On humid summer mornings weather forecasters will often predict an afternoon thunderstorm, but sensible people know they probably won't have to cancel plans for a picnic. The forecast may be accurate, but people's understanding of how to interpret and contextualize the information is what makes it valuable to them.

Indeed, weather predictions are uniquely useful and useable. The US National Weather Service issues millions of them annually, affording continual opportunity for assessing and improving performance. Organizations that communicate forecasts have learned to tune information to diverse users, be they average citizens, ship captains or the airline industry. The predicted events are discrete and familiar, and they occur soon after the prediction, so that response options — to delay the flight, or not — are unambiguous, and disagreements have little time to emerge.

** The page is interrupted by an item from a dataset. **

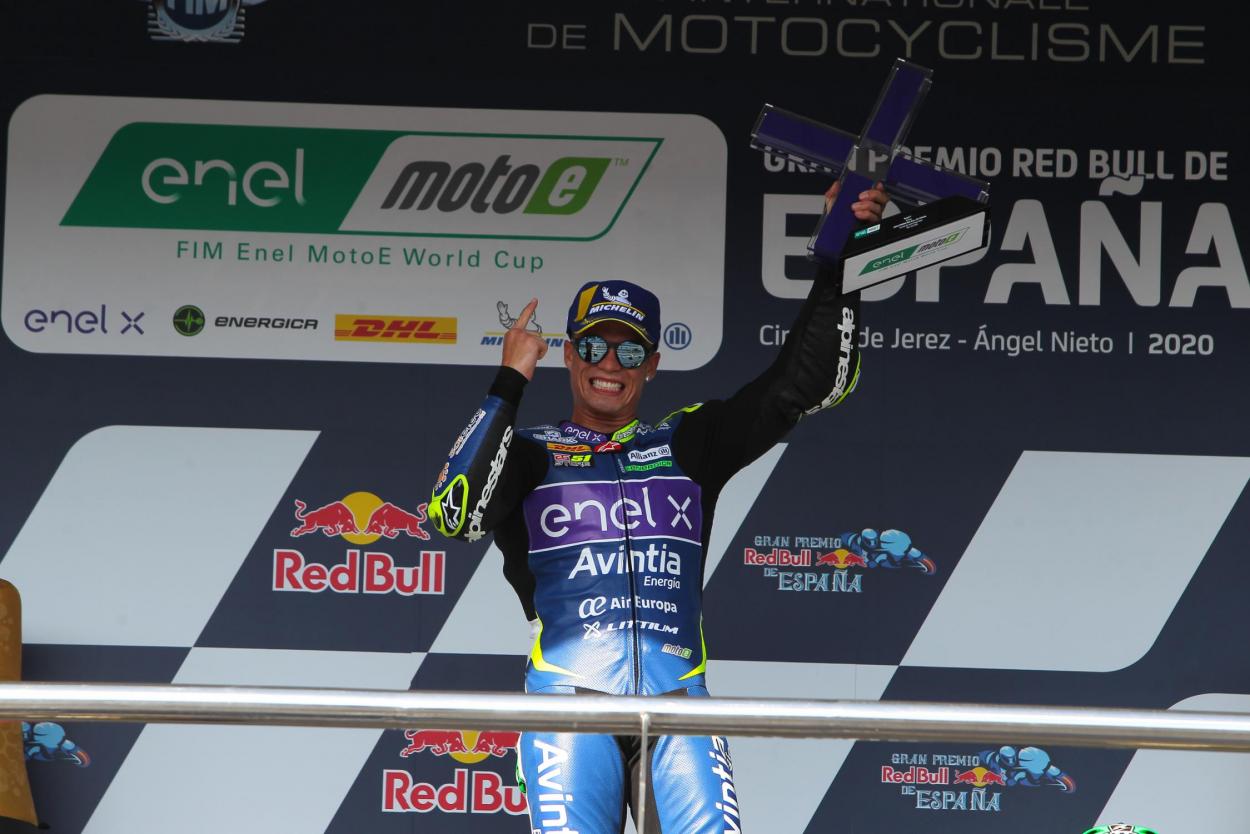 El brasileño se ha alzado con una victoria esta temporada, en Jerez. Imagen: MotoGP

When these qualities are lacking, however, big challenges to decision-making ensue. In February 1997, the weather service predicted that the Red River would reach a record flood crest of 15 metres in Grand Forks, North Dakota. The town prepared for that height, but in April the crest passed 16 metres, and the result was US$1.5 billion in flood damage. The prediction was within the historical range of forecast accuracy (R. A. Pielke Jr Appl. Behav. Sci. Rev. 7, 83–101; 1999), but information providers, communicators and users lacked the experience and judgement to respond appropriately to the prediction.

In the wake of the disaster, residents were willing to abandon low-lying areas of town as part of a new $409-million flood-control system for floods of up to 19 metres. What had they learned from their experience? Not to depend on predictions. And when high floods struck again last March, the town stayed dry.

False belief

Predictions are not instructions that people simply follow to make better decisions. They are pieces of an intricate puzzle that may sometimes contribute to improved decisions. For complex, long-term problems such as climate change or nuclear-waste disposal, the accuracy of predictions is often unknowable, uncertainties are difficult to characterize and people commonly disagree about the outcomes they desire and the means to achieve them. For such problems, the belief that improved scientific predictions will compel appropriate behaviour and lead to desired outcomes is false.

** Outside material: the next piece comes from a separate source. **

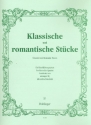 Klassische und romantische Stcke fr Blockfltenquartett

This conclusion flies in the face of the instincts and interests of scientists and decision-makers. Scientists are attracted to the intellectual challenge of making predictions, and recognize that promising to provide predictions appeals to the interests of the policy-makers who fund them. And decision-makers would prefer to hand over responsibility for the future to scientists — who would also take the blame when wrong.

The right lessons for the future of climate science come from the failure to predict earthquakes. ,

For example, regional climate predictions are now being offered by scientists as a next logical step in applying science to the global-warming problem. As explained on the website of the Climate Variability and Predictability project of the World Climate Research Programme: "The increased confidence in attribution of global scale climate change to human induced greenhouse emissions, and the expectation that such changes will increase in future, has led to an increased demand in predictions of regional climate change to guide adaptation." The seductive but dangerous logic is driven by the confluence of the "increased demand" of decision-makers, and the high-prestige science of climate modellers who believe that society needs more of what they've been doing anyway (see Nature 453, 268–269; 2008). But this logic confuses the distinct tasks of bringing a problem to public attention and figuring out how to address the societal conditions that determine the consequences of the problem.

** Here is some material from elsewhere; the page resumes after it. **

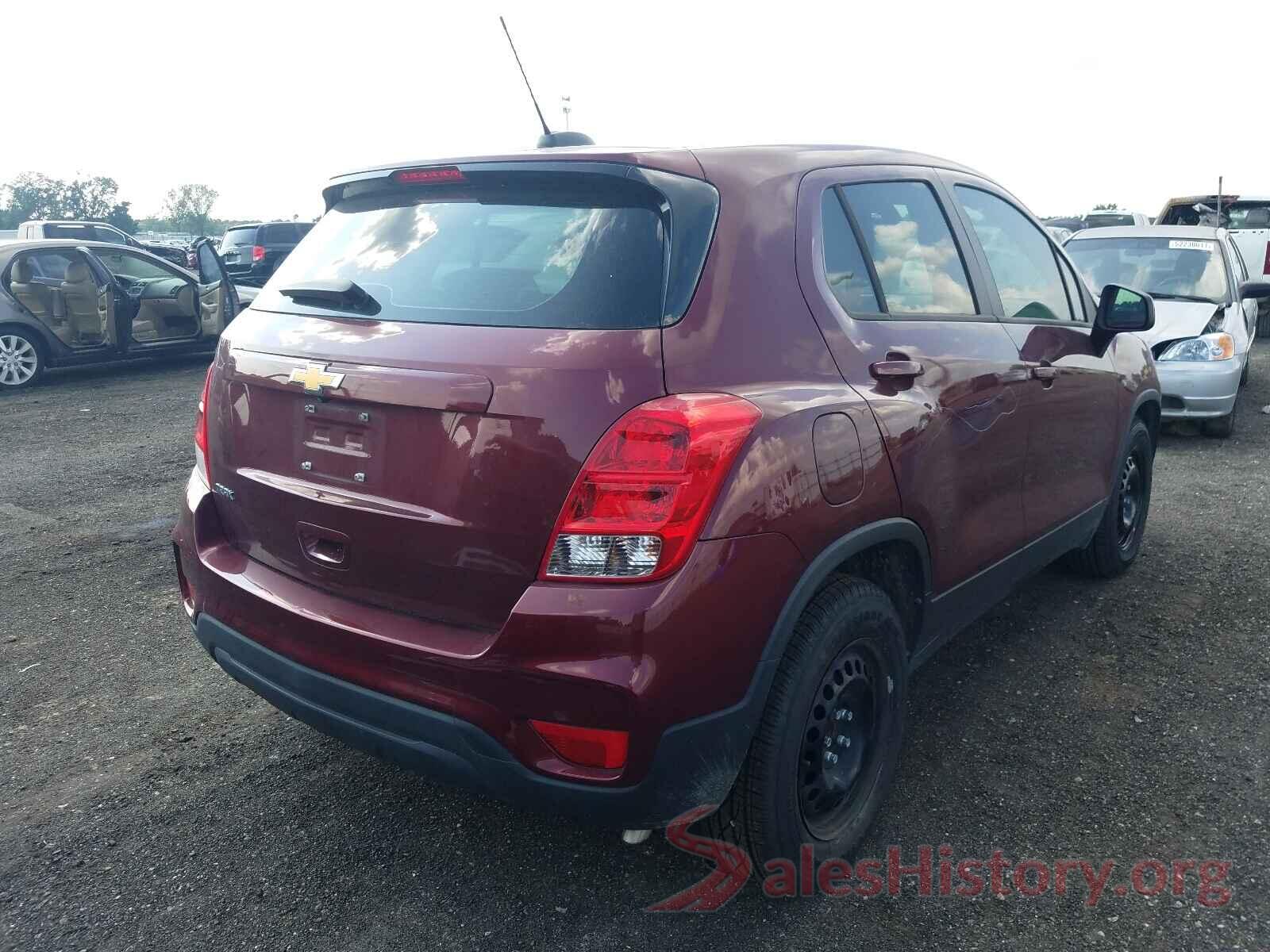 3GNCJKSB9HL133981 2017 CHEVROLET TRAX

Hurricane Katrina in 2005 provides cautionary insight. The likelihood of such a storm had been appreciated for decades and, in the days leading up to the disaster, the storm's path was accurately predicted. But New Orleans's fate had long been sealed by a lethal combination of socioeconomic and racial inequity, regional environmental degradation, unwise development patterns and engineering failure. Science had delivered ever more knowledge about regional climate behaviour and ever more accurate hurricane-track predictions, but this was not what the city needed to avoid catastrophe.

In contrast, from a societal perspective, perhaps the best thing that ever happened in the field of earthquake research was the recognition that earthquake prediction was likely to be impossible. In recent decades, the priorities of the US Geological Survey's earthquake-hazard programme have moved away from prediction and towards the assessment, communication and reduction of vulnerabilities. This evolution has demanded closer collaboration between scientists and diverse regional and state decision-makers, to provide information that can help improve construction practices, land-use decisions, disaster-response plans and public awareness.

If wise decisions depended on accurate predictions, then in most areas of human endeavour wise decisions would be impossible. Indeed, predictions may even be an impediment to wisdom. They can narrow the view of the future, drawing attention to some conditions, events and timescales at the expense of others, thereby narrowing response options and flexibility as well.

This difficulty is on spectacular yet unacknowledged display in the climate-change arena. The recently concluded United Nations climate-change conference shows that the world's attention is focused on global warming, but also that clear progress towards addressing the problem is incredibly difficult to achieve. A central obstacle is that predictions of long-term doom have created a politics that demands immense costs to be borne in the near term, in return for highly uncertain benefits that accrue only in a dimly seen future.

Science could help untangle this politically impossible dilemma by moving away from its obsession with predicting the long-term future of the climate to focus instead on the many opportunities for reducing present vulnerabilities to a broad range of today's — and tomorrow's — climate impacts. Such a change in focus would promise benefits to society in the short term and thus help transform climate politics. Strange as it may seem, the right lessons for the future of climate science come not from the success in predicting thunderstorms, floods and hurricanes, but from the failure to predict earthquakes.